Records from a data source
= Beginning of Section =
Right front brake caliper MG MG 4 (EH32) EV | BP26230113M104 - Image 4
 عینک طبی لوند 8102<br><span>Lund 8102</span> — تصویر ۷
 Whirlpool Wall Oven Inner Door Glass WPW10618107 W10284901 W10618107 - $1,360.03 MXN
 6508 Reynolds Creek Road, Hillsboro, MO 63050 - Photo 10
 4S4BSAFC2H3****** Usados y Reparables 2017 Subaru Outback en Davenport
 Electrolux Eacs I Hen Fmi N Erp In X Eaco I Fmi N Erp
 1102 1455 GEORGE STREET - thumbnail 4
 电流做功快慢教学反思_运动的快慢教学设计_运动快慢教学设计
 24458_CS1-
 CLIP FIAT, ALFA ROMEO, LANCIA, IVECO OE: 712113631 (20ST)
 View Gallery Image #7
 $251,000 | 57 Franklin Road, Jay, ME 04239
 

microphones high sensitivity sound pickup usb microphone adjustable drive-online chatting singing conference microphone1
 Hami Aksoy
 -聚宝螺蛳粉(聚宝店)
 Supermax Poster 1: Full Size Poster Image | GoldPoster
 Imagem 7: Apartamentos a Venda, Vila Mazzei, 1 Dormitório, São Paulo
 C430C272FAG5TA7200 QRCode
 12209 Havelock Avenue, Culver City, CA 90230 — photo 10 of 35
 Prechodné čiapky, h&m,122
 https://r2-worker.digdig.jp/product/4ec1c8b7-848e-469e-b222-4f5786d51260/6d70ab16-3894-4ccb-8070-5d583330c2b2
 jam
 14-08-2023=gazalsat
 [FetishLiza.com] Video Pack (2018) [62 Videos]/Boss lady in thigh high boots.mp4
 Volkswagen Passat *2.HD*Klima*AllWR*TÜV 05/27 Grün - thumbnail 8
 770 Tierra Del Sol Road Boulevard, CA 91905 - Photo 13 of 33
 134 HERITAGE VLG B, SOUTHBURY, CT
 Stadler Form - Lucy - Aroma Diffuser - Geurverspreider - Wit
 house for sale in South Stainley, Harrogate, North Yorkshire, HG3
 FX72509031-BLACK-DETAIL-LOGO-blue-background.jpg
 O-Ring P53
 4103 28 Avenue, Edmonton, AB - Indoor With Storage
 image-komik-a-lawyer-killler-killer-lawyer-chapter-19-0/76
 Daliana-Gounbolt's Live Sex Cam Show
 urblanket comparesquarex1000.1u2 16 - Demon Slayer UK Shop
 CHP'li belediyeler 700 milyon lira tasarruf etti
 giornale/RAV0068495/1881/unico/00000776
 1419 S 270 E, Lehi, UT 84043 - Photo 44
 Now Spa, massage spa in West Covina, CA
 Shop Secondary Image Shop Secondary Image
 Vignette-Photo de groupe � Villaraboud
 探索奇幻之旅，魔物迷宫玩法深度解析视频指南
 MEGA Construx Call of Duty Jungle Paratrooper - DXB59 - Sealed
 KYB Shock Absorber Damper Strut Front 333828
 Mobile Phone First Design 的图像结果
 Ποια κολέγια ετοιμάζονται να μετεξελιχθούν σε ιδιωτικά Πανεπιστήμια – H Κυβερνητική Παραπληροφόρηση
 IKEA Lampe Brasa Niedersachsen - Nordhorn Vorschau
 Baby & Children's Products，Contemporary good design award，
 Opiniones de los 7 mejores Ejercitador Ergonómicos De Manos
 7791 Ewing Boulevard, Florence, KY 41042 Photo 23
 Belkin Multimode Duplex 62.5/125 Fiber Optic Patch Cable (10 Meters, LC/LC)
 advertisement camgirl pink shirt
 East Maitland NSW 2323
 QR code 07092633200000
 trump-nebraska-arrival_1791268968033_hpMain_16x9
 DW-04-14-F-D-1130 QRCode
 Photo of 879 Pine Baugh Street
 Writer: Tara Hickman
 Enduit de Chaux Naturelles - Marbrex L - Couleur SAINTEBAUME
= End of Section =
◆ Task instructions: Determine how many lines above contain "Road" as a word or string. Give the number alone.

◆ Answer to the problem: 3